The principal effort was to be in the south, along the Aisne Canal, where a road called the Chemin des Dames extended northeast from Soissons and turned east into German-held territory. Four fresh armies, organized as the Reserve Army Group, were tasked for this part of the effort. The British, striking east from their own salient around the city of Arras, were to provide the initial diversion that gave the Reserve Army Group a chance to surprise the Germans, while the French Northern Army Group, positioned between the Somme and Oise rivers, would subsequently attack their section of the front. This was to be accomplished with the same level of cooperation between the artillery and the infantry that had brought great success at Verdun, now expanded to a far greater scale. The first problem with the plan was the fact that the Germans were just as aware of their vulnerability as the Entente leadership was. All winter they had been hard at work in rectifying this weakness. The French and British had more men and more supplies than the Germans, who were then suffering the beginning of their third year of the blockade.


The Germans sought new efficiencies in their defensive positions, preparing a new defensive line deeper in occupied French territory. Called the Siegfried Line by the Germans, but later to be known as the Hindenburg Line among the western Allies, this new trench system was to be far stronger than the existing lines, which had been constructed within sight of the enemy, sometimes under hasty circumstances. Moreover, pulling back to the Siegfried Line would give the Germans 25 fewer miles to defend, enabling as many as thirteen divisions to pull back from trench duty, giving the Germans a substantial pool of men for offensive action or support duties in the future. Operation Alberich, a withdrawal to the Siegfried Line accompanied by the implementation of a scorched-earth policy in the territory being abandoned, started on March 16. The second problem was the failure of the Entente commanders to respond to the change in circumstances in an adequate manner. In fact, they failed to notice the German withdrawal until March 25. Once this was noticed, British and French forces advanced gingerly in the Germans’ wake. Much of their planning had been invalidated at a stroke
In the end, the allied operation failed terribly. Shortly after the attack began, the Germans succeeded in asserting air superiority, and the French artillery was effectively rendered blind. In spite of Nivelle’s promises that his attack would not become like the Verdun or Somme battles, the offensive descended into a bloody quagmire on the first day. The French air assets failed to give the artillery the battlefield intelligence it needed. The artillery failed to give the infantry the support it needed, and French soldiers faced well-prepared defenders instead of dazed stragglers. The tanks that were gathered for the attack failed even to make contact with the enemy. French losses reached 40,000 in a single day, with only negligible gains in terms of compensation. Nivelle persevered for another three days, trying to revive his offensive until the 20th, by which time it was clear that it had failed. The offensive was called off, but it took until May 7 for the French to completely extricate themselves from the fighting, during which time French casualties exceeded 130,000.

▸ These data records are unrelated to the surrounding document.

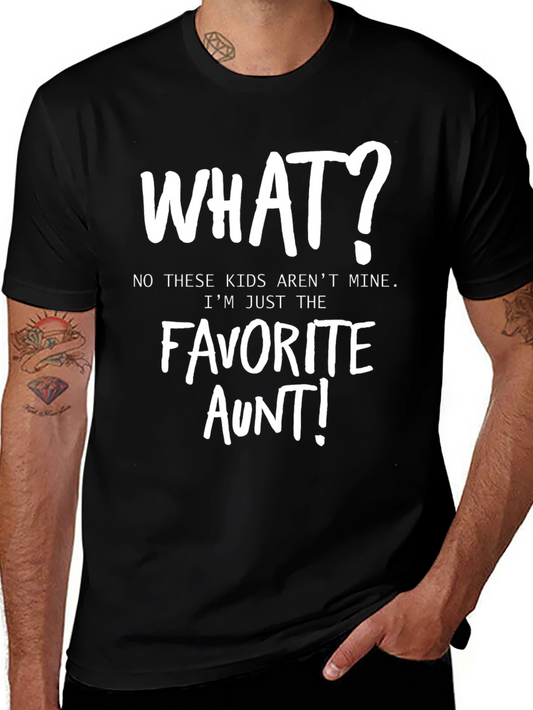 Favorite Aunt T-Shirt - Funny Auntie Tee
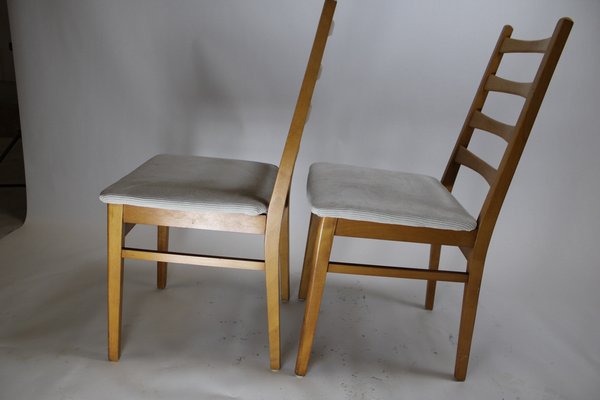 Vintage Chairs in Teak & Velour, Denmark, 1960s, Set of 2-HJY-1785450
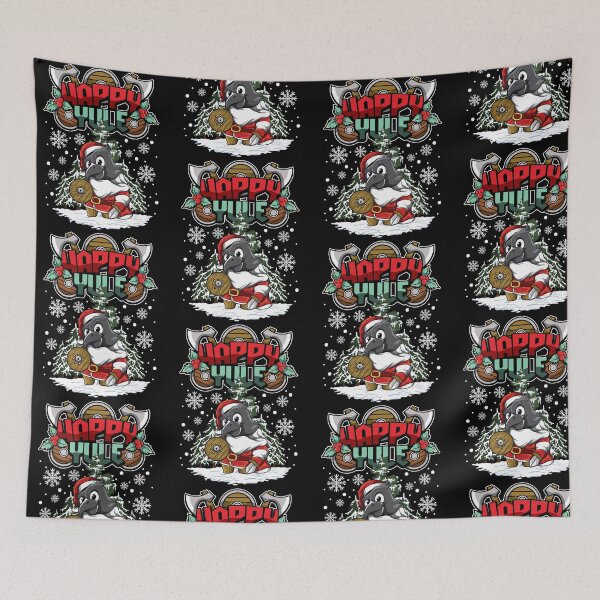 Item preview, Happy Yule - Viking Christmas - Raven designed and sold by anziehend.
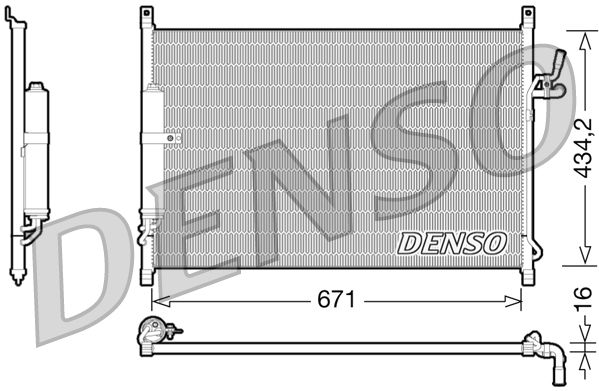 Condenser, air conditioning DENSO DCN46015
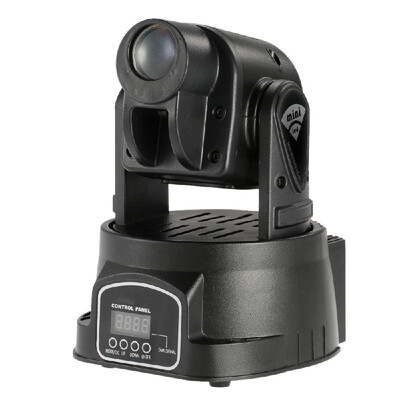 

Auto Rotating Moving Head Light Total 50W Stage Lamp DMX512 513 Channels Sound Control RGB Color Changing Gobo Pattern LED for Di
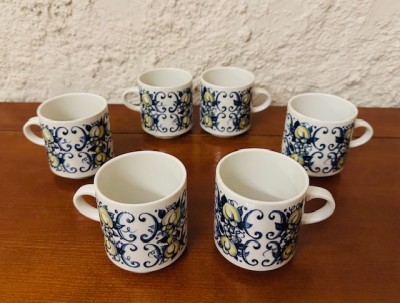 6 CESTI/ CANI DIN PORTELAN VILLEROY &amp;amp; BOCH - COLECTIA CADIZ H7,7CM foto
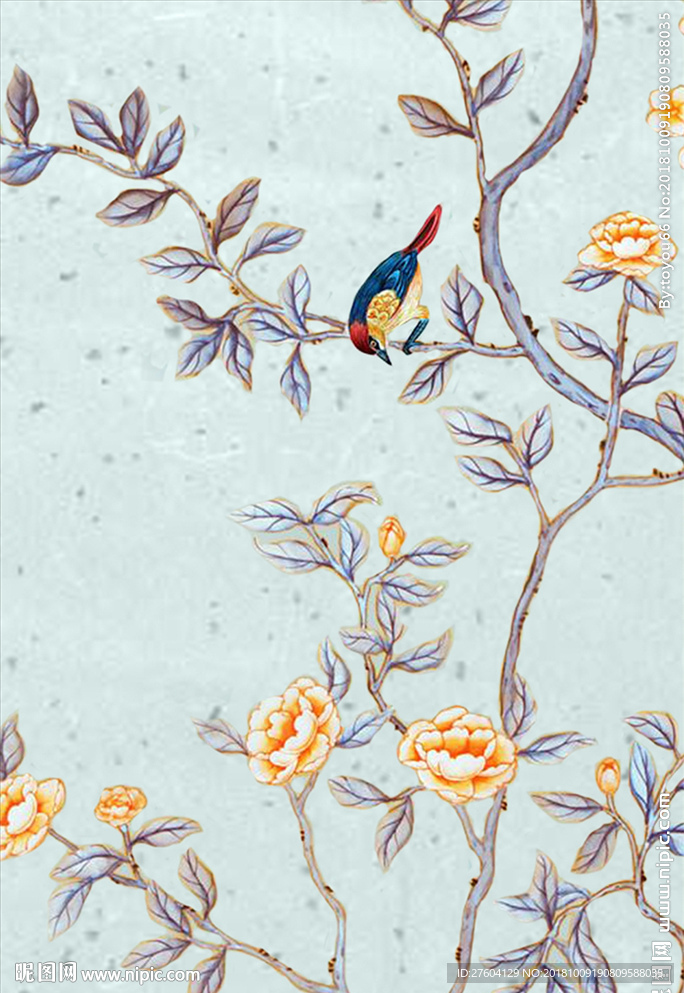 中国风清新花鸟装饰画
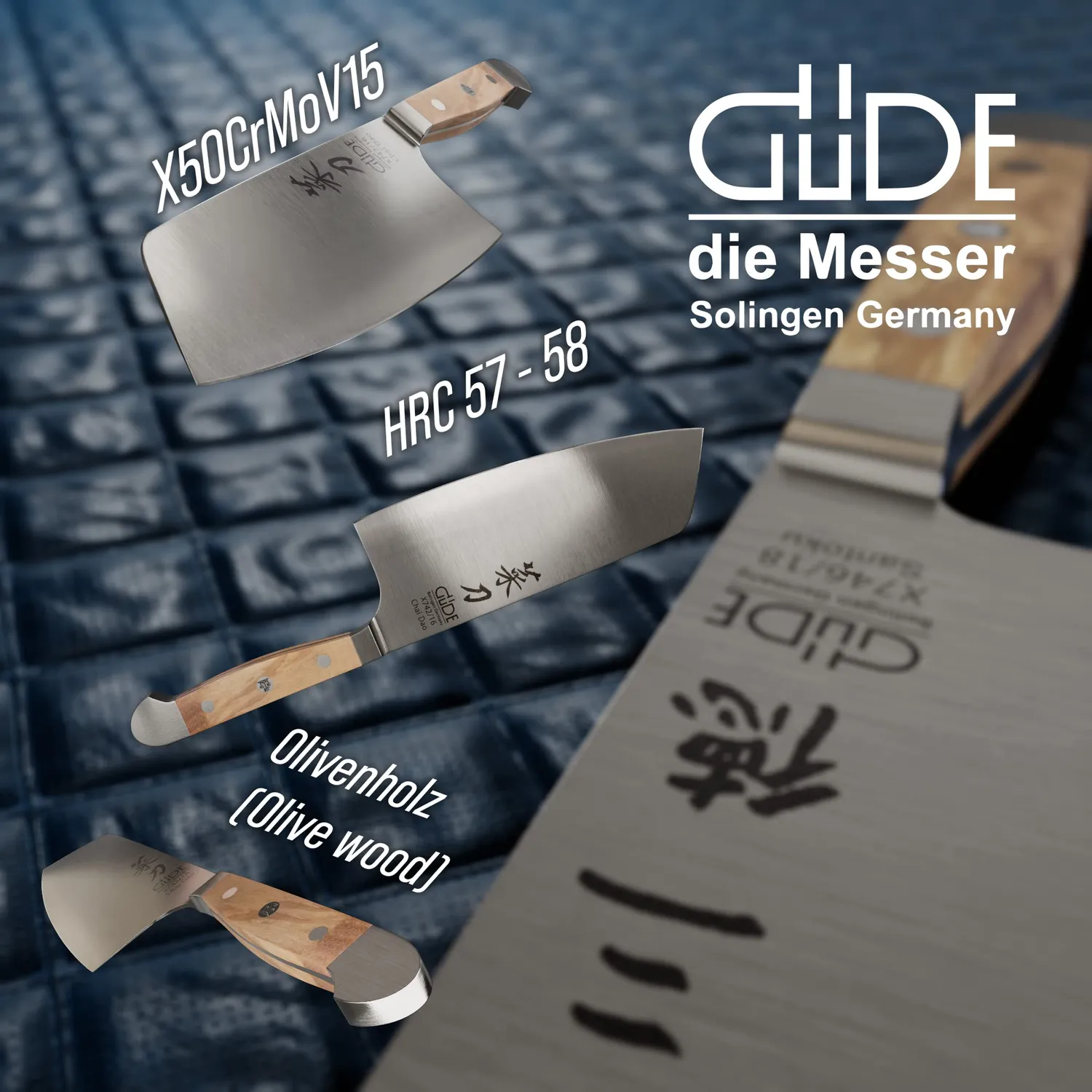 Güde Alpha Olive Chai Dao 16 cm Ulivo Cinese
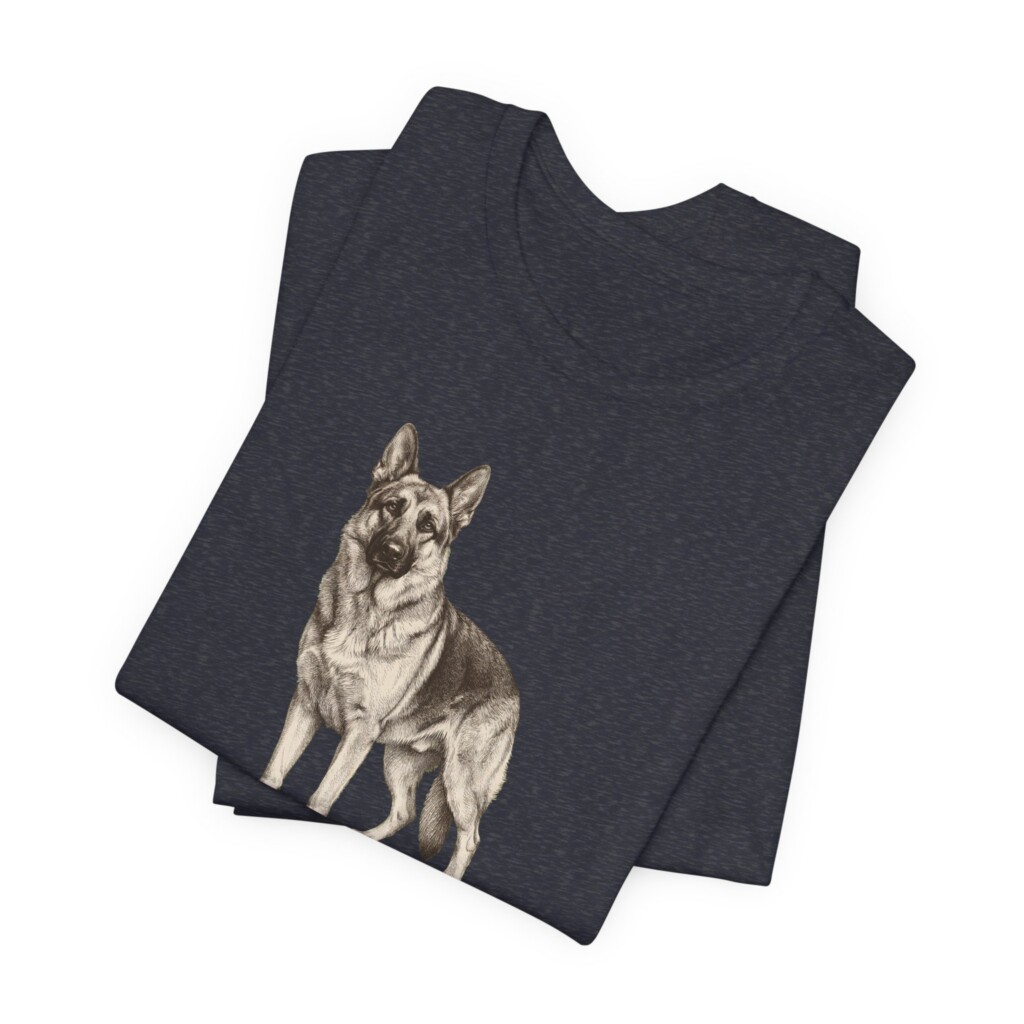 German Shepherd Latin Shirt, Vintage Dog Sketch Tee, Dog Latin Gift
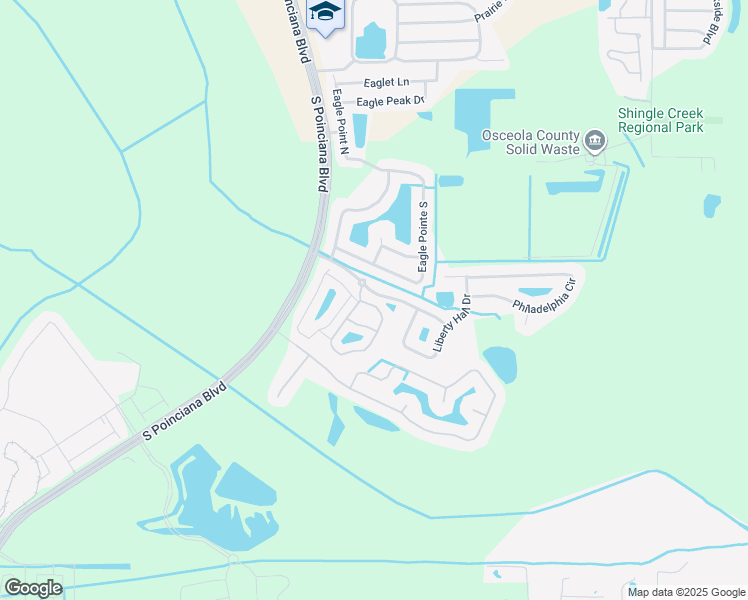 map of restaurants, bars, coffee shops, grocery stores, and more near 1304 South Beach Circle in Kissimmee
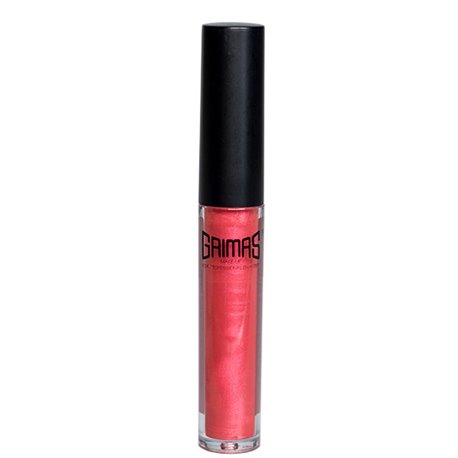 GRIMAS Lip-Gloss Flamingo  – Glänzender Pinkton mit Pflegeeffekt, 3ml, Spender geschlossen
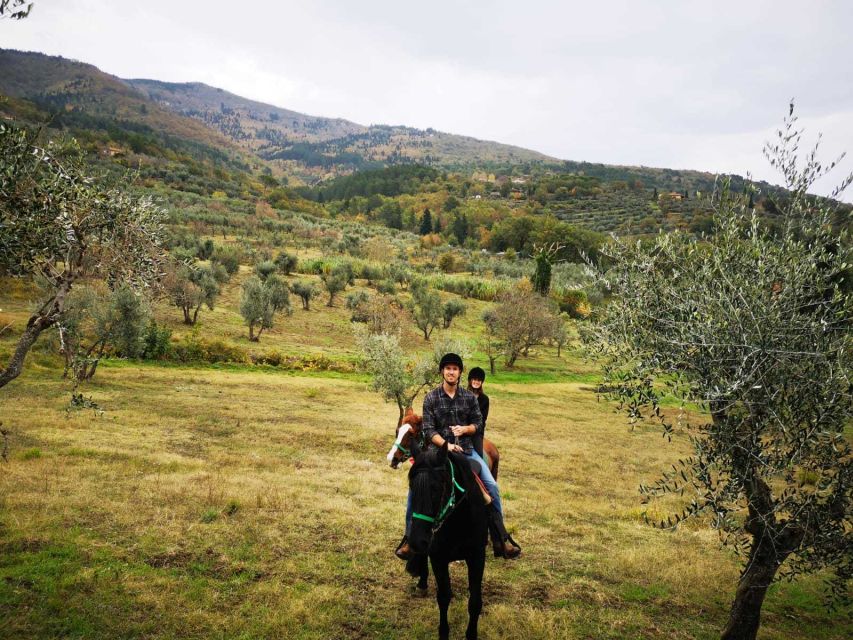 From Florence: Horseback Ride and Olive Oil and food tasting - A Tuscan Table With Chianti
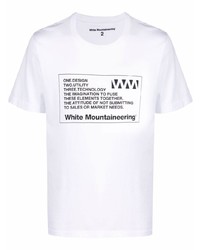 White Mountaineering Graphic Print Cotton T Shirt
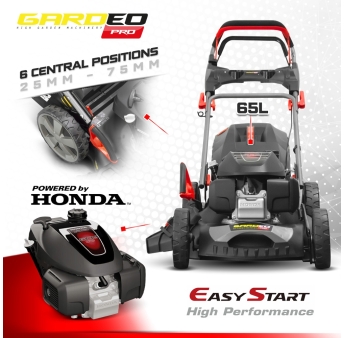 Tondeuse thermique tractée 167CC avec moteur Honda, mulching et éjection latérale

The British were obligated to begin another supporting attack at Arras on April 23, just to give the French some cover for their retreat. While the British ended the offensive with control over Vimy Ridge, their own casualties approached 150,000. It was the French, however, who were more adversely affected by the loss. The French Army had believed in the offensive, regardless of what top commanders might have thought, and when it had proven a colossal failure, the army was disillusioned as thoroughly as it had been inspired beforehand. Throughout the summer of 1917, the French Army was paralyzed by mutinies that threatened to end its cohesiveness altogether. Nivelle was reassigned to North Africa on May 15, with supreme command passing to generals Petain and Foch. While the French Army struggled to reassert itself, the Entente war effort was left mainly in the hands of the British. The Nivelle Offensive was perhaps the most disastrous single offensive in the war.